#### Given records ####

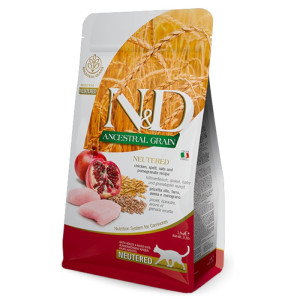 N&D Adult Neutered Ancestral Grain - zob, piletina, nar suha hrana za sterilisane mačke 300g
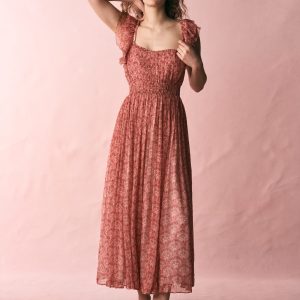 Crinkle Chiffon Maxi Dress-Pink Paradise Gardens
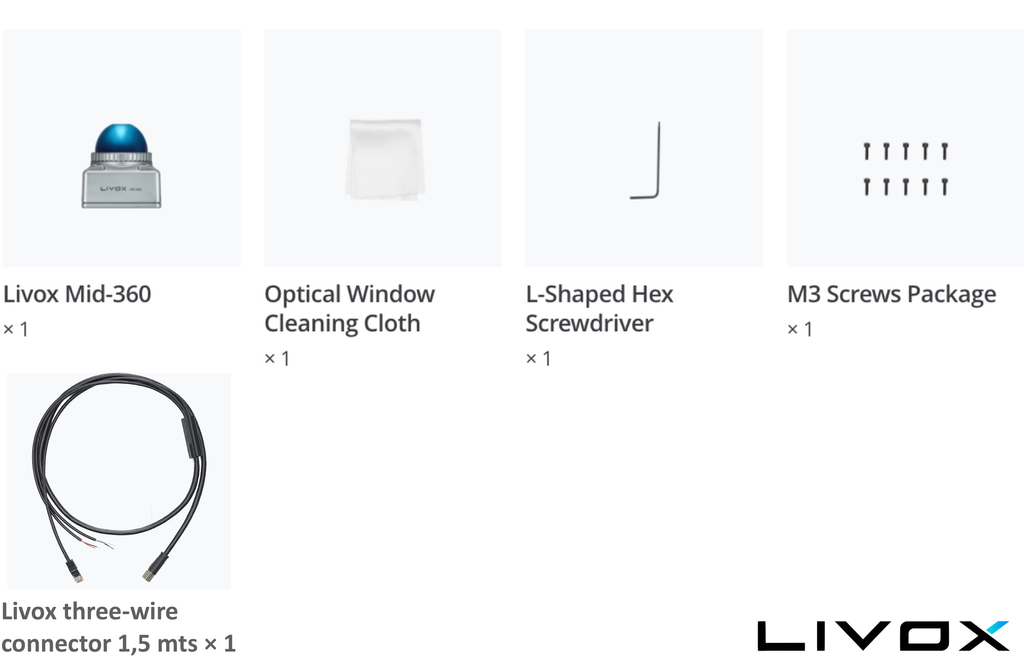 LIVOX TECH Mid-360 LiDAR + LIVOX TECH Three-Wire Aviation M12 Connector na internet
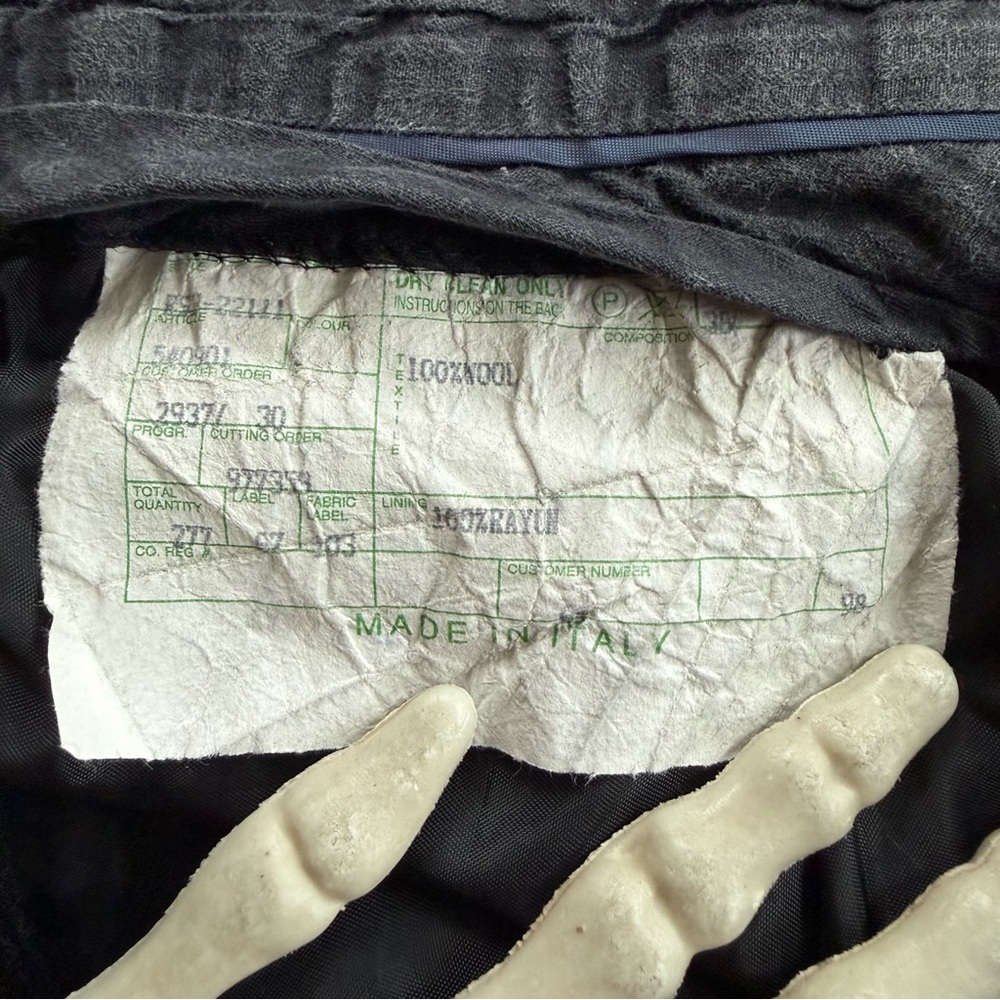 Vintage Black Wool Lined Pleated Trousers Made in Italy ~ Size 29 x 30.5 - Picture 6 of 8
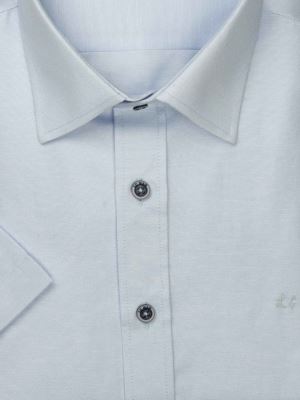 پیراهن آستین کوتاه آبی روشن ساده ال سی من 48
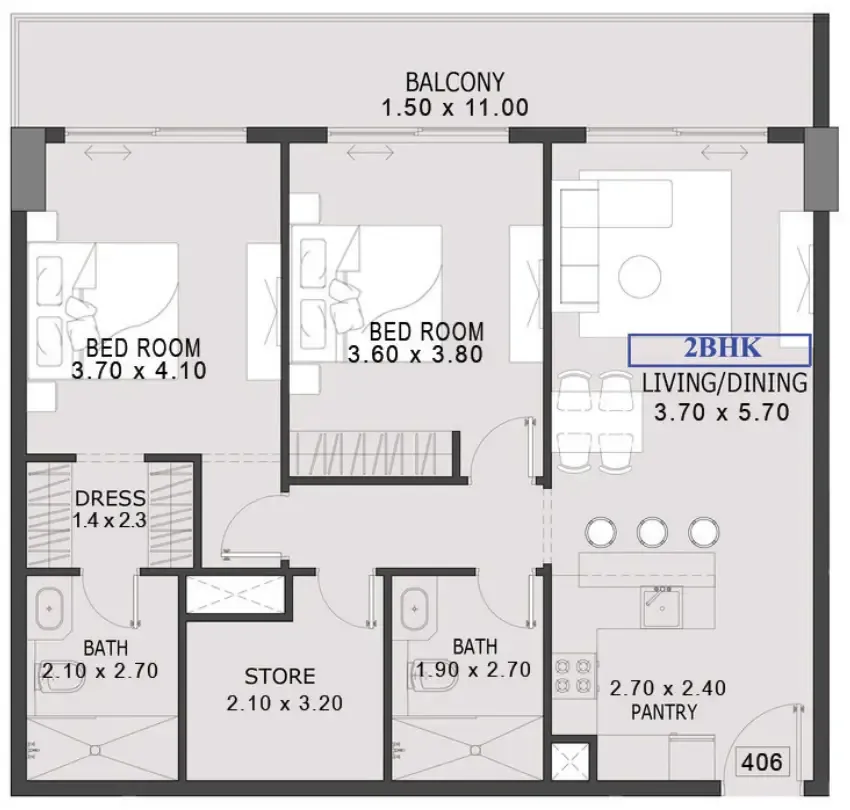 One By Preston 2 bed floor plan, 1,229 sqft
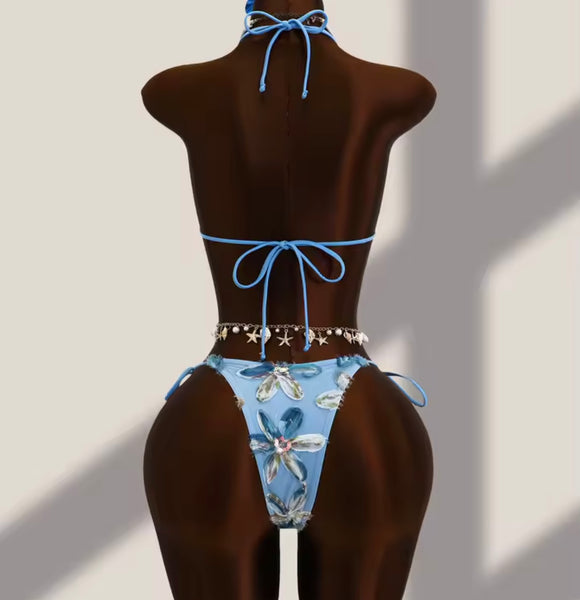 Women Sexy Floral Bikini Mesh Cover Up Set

####
#### Given records ####

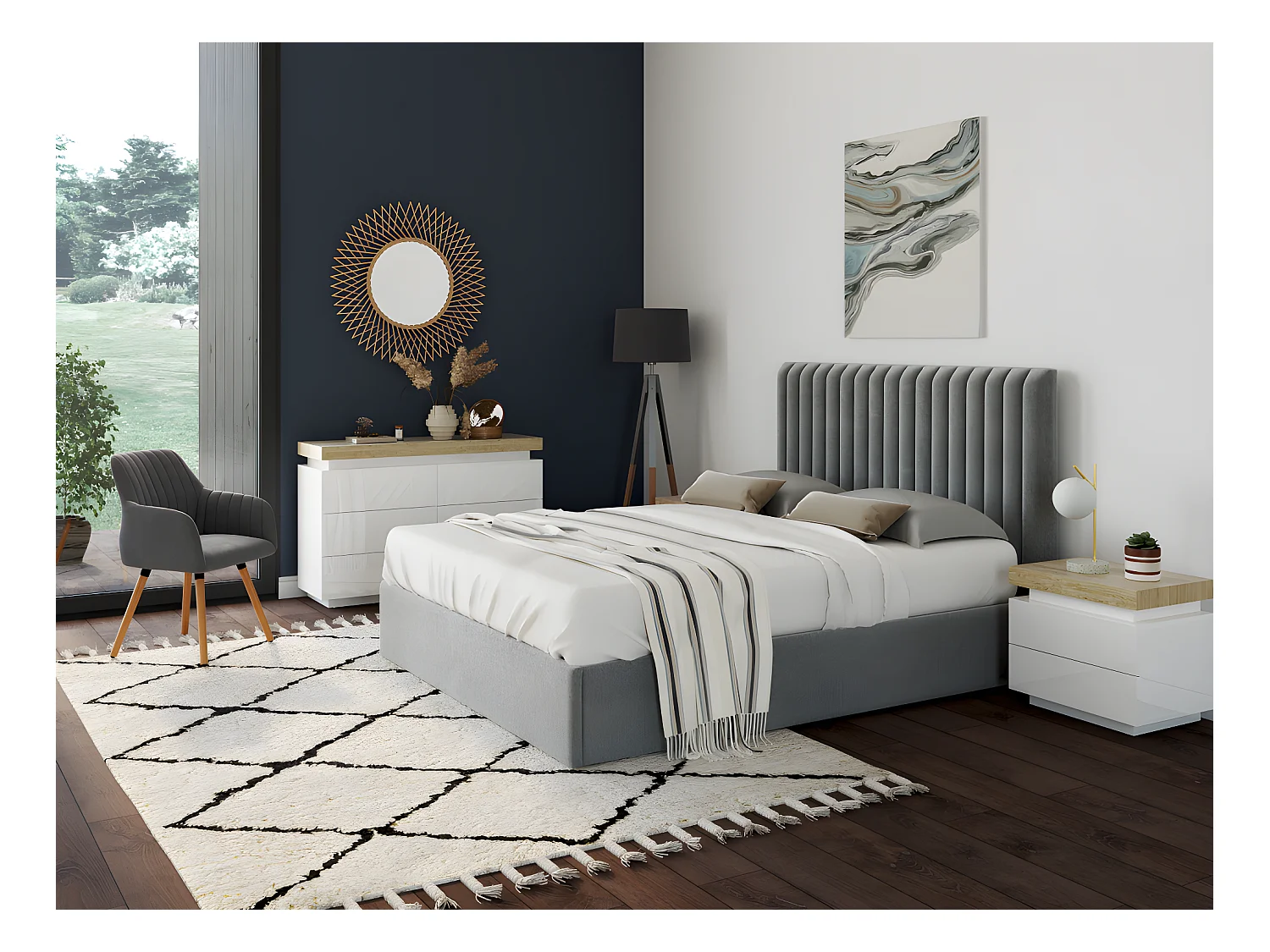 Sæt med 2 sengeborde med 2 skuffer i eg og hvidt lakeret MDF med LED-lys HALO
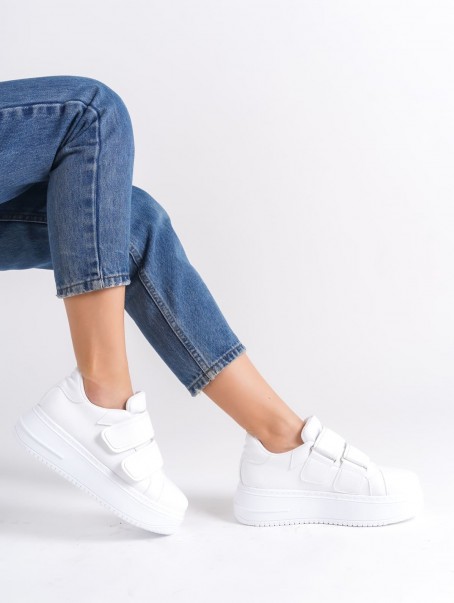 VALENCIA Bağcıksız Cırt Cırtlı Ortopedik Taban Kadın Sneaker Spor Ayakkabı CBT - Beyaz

####
#### Given records ####

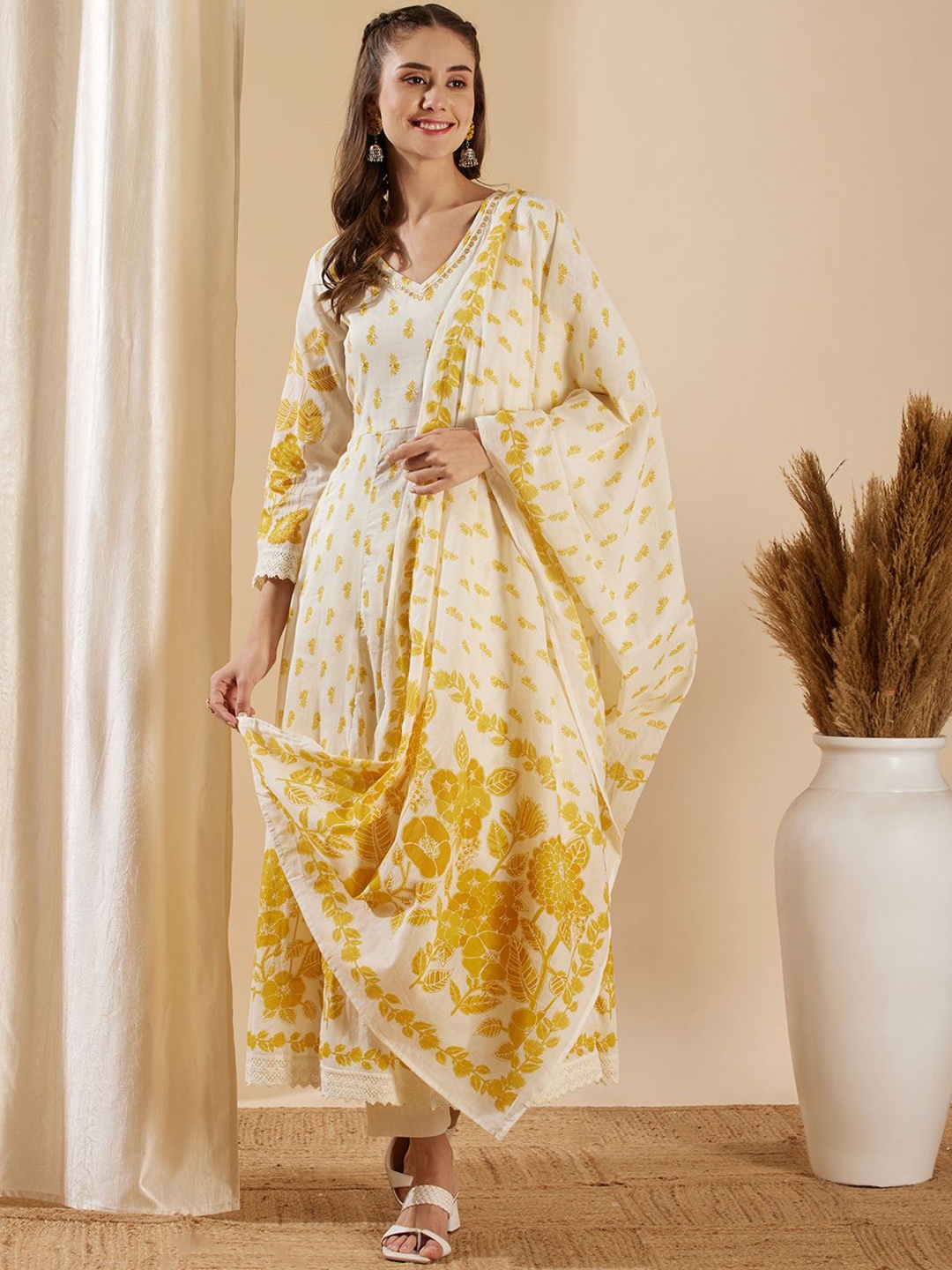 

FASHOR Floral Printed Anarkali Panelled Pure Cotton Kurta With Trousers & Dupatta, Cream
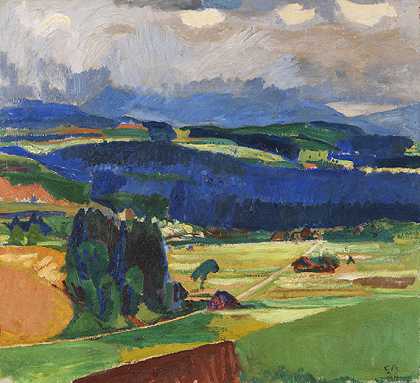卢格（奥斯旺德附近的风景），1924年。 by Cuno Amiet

####

Transcribe exactly the lines above, beginning at the one with "Crinkle Chiffon Maxi" and going up to and including the one with "Women Sexy Floral Bikini Mesh Cover Up Set". Pictures do not belong in the copy.

Solved problem.
 Crinkle Chiffon Maxi Dress-Pink Paradise Gardens
 LIVOX TECH Mid-360 LiDAR + LIVOX TECH Three-Wire Aviation M12 Connector na internet
 Vintage Black Wool Lined Pleated Trousers Made in Italy ~ Size 29 x 30.5 - Picture 6 of 8
 پیراهن آستین کوتاه آبی روشن ساده ال سی من 48
 One By Preston 2 bed floor plan, 1,229 sqft
 Women Sexy Floral Bikini Mesh Cover Up Set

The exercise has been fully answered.